Show that $$\int_x^1\frac{dt}{1+t^2}=\int_1^{1/x}\frac{dt}{1+t^2},\;x>0.$$

So, I'm learning about integration techniques, and I get this exercise. We've been practicing $u$-substitution, and I think that might be involved here somehow, but I don't understand what I need to do to proceed. Thank you for your help!

Answer 1

$$ \begin{align} u & = \frac 1 t \\[8pt] du & = \frac{-dt}{t^2} \\[8pt] -t^2\,du & = dt \\[8pt] \frac{-du}{u^2} & = dt \end{align} $$ When $t=x$ the $u=1/x$.

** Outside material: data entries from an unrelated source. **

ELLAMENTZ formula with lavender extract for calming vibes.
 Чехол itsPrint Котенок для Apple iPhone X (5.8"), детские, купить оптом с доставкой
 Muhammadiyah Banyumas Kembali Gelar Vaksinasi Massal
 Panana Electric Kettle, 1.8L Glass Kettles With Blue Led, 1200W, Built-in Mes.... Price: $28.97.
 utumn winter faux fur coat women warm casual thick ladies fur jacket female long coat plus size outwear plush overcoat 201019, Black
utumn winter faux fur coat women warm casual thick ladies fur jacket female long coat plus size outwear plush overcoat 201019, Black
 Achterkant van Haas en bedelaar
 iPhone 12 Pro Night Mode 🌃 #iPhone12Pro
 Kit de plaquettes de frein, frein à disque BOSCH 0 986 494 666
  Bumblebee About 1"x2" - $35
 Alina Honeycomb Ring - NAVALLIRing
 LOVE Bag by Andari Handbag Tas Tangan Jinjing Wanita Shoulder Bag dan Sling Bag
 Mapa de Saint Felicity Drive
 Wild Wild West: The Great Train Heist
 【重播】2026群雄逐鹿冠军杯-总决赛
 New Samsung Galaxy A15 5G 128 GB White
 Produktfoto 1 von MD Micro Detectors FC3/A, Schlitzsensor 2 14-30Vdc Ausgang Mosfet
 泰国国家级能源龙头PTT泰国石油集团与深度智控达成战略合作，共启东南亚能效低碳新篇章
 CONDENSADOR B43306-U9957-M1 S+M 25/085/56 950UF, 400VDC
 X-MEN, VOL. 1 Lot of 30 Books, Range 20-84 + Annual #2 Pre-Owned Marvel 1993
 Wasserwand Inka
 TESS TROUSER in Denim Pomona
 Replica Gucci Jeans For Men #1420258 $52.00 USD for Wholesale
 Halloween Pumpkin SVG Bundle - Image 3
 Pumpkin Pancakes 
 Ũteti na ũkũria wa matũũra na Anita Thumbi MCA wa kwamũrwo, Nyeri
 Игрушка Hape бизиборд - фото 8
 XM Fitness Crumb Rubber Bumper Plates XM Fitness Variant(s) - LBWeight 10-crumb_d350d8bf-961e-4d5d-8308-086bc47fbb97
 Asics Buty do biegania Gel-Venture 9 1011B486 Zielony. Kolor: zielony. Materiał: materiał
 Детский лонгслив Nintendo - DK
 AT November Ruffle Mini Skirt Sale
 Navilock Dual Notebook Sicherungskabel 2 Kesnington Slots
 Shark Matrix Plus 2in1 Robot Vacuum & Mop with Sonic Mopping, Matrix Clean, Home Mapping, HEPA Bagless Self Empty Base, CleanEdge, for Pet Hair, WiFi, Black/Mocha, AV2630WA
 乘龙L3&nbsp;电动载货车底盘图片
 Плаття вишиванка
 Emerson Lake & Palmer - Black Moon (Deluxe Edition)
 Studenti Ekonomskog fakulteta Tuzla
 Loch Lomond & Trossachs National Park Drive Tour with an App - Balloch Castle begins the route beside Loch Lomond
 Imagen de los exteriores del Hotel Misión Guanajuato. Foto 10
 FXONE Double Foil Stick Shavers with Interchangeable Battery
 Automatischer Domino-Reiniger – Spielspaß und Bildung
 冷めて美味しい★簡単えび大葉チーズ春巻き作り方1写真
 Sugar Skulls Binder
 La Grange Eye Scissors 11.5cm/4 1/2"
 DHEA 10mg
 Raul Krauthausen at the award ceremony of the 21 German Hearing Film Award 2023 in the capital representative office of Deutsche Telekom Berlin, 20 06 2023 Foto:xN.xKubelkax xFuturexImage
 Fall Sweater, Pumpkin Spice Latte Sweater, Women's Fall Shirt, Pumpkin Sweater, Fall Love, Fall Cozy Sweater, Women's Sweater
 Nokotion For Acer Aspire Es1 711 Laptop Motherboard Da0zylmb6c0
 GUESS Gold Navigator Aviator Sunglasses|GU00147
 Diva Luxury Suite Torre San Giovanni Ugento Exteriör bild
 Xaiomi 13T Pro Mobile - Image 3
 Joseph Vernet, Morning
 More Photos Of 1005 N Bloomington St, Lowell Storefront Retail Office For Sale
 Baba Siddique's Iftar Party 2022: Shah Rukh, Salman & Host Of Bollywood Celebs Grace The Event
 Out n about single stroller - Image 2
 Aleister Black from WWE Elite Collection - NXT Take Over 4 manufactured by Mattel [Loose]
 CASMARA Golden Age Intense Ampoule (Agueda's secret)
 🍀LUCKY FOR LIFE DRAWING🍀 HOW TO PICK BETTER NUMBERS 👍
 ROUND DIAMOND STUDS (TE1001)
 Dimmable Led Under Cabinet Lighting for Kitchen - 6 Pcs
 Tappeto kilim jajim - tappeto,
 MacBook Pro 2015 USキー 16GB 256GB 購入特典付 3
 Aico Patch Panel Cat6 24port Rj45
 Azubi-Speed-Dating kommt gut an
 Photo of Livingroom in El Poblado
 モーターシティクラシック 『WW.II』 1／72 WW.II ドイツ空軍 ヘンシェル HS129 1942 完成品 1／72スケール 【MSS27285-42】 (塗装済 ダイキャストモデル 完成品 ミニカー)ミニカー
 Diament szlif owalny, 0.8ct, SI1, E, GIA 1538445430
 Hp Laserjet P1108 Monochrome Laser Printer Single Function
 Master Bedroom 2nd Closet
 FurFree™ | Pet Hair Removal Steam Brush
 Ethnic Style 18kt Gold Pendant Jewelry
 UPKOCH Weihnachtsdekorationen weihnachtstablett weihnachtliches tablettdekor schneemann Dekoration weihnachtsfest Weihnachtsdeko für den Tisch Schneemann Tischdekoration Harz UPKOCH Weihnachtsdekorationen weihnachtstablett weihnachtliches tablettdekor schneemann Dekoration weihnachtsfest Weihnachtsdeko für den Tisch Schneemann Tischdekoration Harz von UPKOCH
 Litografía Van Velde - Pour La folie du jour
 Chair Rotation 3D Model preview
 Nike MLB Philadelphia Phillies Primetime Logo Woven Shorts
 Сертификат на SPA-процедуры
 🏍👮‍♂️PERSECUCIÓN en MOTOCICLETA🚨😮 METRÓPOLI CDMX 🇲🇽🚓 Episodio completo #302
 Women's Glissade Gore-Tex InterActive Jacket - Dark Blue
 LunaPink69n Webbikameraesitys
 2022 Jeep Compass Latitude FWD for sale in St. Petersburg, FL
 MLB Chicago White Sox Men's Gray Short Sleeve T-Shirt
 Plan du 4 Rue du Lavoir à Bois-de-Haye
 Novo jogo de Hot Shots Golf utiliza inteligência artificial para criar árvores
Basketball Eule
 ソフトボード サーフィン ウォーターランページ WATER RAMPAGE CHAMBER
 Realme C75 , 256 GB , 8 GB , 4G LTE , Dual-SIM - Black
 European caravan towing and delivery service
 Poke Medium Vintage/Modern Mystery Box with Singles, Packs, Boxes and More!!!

So $$ \int_1^x \frac{dt}{1+t^2} = \int_1^{1/x} \frac{-du/u^2}{1+(1/u)^2} = \int_1^{1/x} \frac{-du}{u^2+1}. $$

Answer 2

the substitution $t \leftarrow 1/t$ yields $$\int_1^x {dt\over 1 + t^2 } = \int_{1/x}^1 {dt/t^2\over 1 + (1/t)^2} = \int_{1/x}^1 {dt\over 1 + t^2}. $$